▶ [Required action]:
Make a word-for-word copy of the entries below from their first line through the line with "Tiroteo en hotel", and add nothing.

▶ [Supplied material]:
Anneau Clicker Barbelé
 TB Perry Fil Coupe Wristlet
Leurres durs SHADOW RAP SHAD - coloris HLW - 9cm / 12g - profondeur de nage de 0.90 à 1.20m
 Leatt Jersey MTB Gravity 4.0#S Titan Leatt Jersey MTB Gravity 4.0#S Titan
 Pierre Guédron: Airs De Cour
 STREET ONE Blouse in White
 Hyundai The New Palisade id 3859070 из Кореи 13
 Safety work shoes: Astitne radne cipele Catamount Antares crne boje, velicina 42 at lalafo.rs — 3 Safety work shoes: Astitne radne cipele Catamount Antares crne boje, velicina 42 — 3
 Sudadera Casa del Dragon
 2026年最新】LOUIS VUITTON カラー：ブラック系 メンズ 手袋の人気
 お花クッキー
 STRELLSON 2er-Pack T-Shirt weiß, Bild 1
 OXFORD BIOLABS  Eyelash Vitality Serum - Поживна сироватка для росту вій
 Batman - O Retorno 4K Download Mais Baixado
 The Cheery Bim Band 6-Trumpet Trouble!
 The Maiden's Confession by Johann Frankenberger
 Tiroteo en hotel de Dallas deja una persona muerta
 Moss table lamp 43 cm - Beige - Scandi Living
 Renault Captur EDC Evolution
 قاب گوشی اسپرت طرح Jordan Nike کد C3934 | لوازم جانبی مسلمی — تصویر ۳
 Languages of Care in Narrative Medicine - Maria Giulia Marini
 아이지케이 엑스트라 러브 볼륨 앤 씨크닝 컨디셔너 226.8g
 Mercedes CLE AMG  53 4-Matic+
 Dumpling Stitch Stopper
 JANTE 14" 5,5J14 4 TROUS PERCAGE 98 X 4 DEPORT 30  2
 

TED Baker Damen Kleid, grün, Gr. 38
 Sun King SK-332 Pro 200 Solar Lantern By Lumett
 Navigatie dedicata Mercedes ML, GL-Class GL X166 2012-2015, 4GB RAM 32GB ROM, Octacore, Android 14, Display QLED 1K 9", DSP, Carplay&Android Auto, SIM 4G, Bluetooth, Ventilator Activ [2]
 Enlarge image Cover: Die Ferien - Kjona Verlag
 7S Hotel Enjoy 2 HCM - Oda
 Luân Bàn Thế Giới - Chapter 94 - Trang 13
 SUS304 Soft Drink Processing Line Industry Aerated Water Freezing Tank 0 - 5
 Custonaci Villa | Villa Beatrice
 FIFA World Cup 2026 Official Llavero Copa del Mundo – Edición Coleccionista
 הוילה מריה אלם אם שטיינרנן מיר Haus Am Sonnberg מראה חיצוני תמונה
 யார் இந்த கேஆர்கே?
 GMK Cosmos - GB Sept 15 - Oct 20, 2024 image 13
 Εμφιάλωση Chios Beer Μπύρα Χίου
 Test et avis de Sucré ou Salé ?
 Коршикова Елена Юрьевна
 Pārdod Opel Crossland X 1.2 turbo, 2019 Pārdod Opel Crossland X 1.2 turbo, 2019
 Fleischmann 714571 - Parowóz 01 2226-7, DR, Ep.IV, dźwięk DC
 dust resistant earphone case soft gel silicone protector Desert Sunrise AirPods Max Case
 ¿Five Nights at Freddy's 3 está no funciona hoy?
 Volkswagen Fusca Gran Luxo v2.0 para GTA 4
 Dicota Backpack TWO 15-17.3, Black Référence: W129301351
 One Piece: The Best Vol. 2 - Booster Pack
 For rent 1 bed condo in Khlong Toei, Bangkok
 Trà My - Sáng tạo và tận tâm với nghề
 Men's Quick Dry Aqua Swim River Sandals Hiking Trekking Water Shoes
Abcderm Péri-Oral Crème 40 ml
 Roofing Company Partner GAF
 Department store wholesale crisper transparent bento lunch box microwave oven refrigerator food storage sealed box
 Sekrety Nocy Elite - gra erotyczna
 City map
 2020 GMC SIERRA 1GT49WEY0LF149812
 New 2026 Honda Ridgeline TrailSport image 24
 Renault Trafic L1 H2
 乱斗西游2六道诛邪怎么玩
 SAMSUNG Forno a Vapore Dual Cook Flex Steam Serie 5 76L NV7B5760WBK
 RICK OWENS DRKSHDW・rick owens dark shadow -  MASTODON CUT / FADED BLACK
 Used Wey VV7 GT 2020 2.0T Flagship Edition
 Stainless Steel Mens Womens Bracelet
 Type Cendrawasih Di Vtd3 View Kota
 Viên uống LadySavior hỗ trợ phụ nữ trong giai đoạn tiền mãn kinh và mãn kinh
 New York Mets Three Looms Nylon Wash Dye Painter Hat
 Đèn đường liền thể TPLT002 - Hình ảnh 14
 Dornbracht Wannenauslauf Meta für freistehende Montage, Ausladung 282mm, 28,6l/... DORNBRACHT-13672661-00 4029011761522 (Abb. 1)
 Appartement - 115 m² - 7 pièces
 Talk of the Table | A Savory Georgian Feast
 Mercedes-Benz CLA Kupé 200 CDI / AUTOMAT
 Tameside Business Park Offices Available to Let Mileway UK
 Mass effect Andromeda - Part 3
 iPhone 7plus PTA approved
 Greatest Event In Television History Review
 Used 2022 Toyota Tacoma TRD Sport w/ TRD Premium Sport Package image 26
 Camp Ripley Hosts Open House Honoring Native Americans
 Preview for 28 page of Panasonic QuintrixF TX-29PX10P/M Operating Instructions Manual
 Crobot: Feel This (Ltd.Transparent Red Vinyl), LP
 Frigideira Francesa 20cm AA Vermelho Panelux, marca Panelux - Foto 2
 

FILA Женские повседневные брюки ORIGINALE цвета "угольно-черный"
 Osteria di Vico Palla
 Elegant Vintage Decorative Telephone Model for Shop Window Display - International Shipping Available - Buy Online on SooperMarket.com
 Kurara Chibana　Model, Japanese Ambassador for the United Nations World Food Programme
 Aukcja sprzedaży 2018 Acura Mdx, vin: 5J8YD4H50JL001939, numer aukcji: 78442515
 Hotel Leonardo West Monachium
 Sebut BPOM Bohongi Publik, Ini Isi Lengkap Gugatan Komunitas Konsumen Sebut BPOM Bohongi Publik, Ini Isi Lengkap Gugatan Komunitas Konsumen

▶ [Response box]:
Anneau Clicker Barbelé
 TB Perry Fil Coupe Wristlet
Leurres durs SHADOW RAP SHAD - coloris HLW - 9cm / 12g - profondeur de nage de 0.90 à 1.20m
 Leatt Jersey MTB Gravity 4.0#S Titan Leatt Jersey MTB Gravity 4.0#S Titan
 Pierre Guédron: Airs De Cour
 STREET ONE Blouse in White
 Hyundai The New Palisade id 3859070 из Кореи 13
 Safety work shoes: Astitne radne cipele Catamount Antares crne boje, velicina 42 at lalafo.rs — 3 Safety work shoes: Astitne radne cipele Catamount Antares crne boje, velicina 42 — 3
 Sudadera Casa del Dragon
 2026年最新】LOUIS VUITTON カラー：ブラック系 メンズ 手袋の人気
 お花クッキー
 STRELLSON 2er-Pack T-Shirt weiß, Bild 1
 OXFORD BIOLABS  Eyelash Vitality Serum - Поживна сироватка для росту вій
 Batman - O Retorno 4K Download Mais Baixado
 The Cheery Bim Band 6-Trumpet Trouble!
 The Maiden's Confession by Johann Frankenberger
 Tiroteo en hotel de Dallas deja una persona muerta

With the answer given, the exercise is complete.